Cette distribution en blocs séquentiels génère un éventail d’ellipses qui évide le scénario de toute tentation psychologique et élève indéniablement un film rétif à la prolifération des événements. Pour autant, Lifshitz n’est pas taiwanais et ne fait pas de la durée son beau souci. D’où la pertinence de son association avec Yann Dedet comme monteur : tous deux s’emploient sans atermoiements à décapiter chaque séquence de son acmé attendue, lui déniant le droit de parader, de jouer au paon prétentieux. Dès lors, Presque rien n’est pas de ces films qui s’auréolent de coups de force, de scènes en majesté qui s’ébrouent, sûres de leur puissance, devant notre regard. Son équilibre n’en a nullement besoin, et on assiste ici à ce type d’œuvre rare qui peut se targuer dans sa modestie même de ne se voir entâchée d’aucun plan inutile, faible ou déplacé. Si l’on retrouve les figures déjà en place dans ses deux précédents moyens métrages, au premier rang desquelles le sexe, dont l’intensité crue se pare toujours d’un ludisme de cour de récré, Lifshitz dérive vers des territoires où la violence cesse de s’incarner dans la sarabande des corps pour se larver dans la dépression.

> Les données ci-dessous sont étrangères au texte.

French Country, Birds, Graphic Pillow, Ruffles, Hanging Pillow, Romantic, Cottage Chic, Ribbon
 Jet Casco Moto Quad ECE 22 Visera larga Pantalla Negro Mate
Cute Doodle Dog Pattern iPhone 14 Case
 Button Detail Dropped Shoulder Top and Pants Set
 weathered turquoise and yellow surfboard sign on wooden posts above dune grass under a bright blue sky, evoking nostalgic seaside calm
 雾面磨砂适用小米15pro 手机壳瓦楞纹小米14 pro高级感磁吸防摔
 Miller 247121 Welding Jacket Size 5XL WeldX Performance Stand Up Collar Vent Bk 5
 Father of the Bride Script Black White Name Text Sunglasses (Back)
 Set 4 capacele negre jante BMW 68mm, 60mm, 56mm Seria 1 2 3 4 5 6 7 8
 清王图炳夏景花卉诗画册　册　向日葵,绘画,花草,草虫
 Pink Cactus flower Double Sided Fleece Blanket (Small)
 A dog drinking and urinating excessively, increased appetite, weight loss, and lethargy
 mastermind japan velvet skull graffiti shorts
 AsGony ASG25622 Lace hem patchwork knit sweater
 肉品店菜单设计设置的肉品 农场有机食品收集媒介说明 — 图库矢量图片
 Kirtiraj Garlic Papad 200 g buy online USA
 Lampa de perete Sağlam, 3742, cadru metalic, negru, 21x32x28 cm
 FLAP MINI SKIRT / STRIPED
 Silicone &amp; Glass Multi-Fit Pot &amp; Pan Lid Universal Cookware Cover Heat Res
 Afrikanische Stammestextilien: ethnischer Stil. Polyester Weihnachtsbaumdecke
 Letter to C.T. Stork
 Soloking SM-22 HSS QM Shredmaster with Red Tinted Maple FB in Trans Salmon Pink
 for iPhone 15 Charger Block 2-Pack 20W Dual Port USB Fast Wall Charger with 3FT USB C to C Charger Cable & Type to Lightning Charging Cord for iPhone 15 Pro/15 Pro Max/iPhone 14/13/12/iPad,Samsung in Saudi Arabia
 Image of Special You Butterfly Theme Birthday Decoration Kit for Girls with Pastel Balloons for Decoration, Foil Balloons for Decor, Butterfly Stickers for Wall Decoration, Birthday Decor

A l’épure des séquences d’hôpital, arrière-plans monochromes et cadrages captifs asphyxiants, Jérémie Elkaïm répond un étonnant portrait de femme se débattant dans les mêmes affres. Absente de ses premiers films, cette incursion dans la psyché féminine propulse du même coup Lifshitz, par l’extraction de la grâce conjuguée de Dominique Reymond et de Marie Matheron, dans le cénacle des très grands directeurs d’acteurs.
Un dernier mot, concernant l’affiche signée Pierre & Gilles : hors sujet une imagerie folle-klorique, ce qui n’a, évidemment, pas lieu d’être.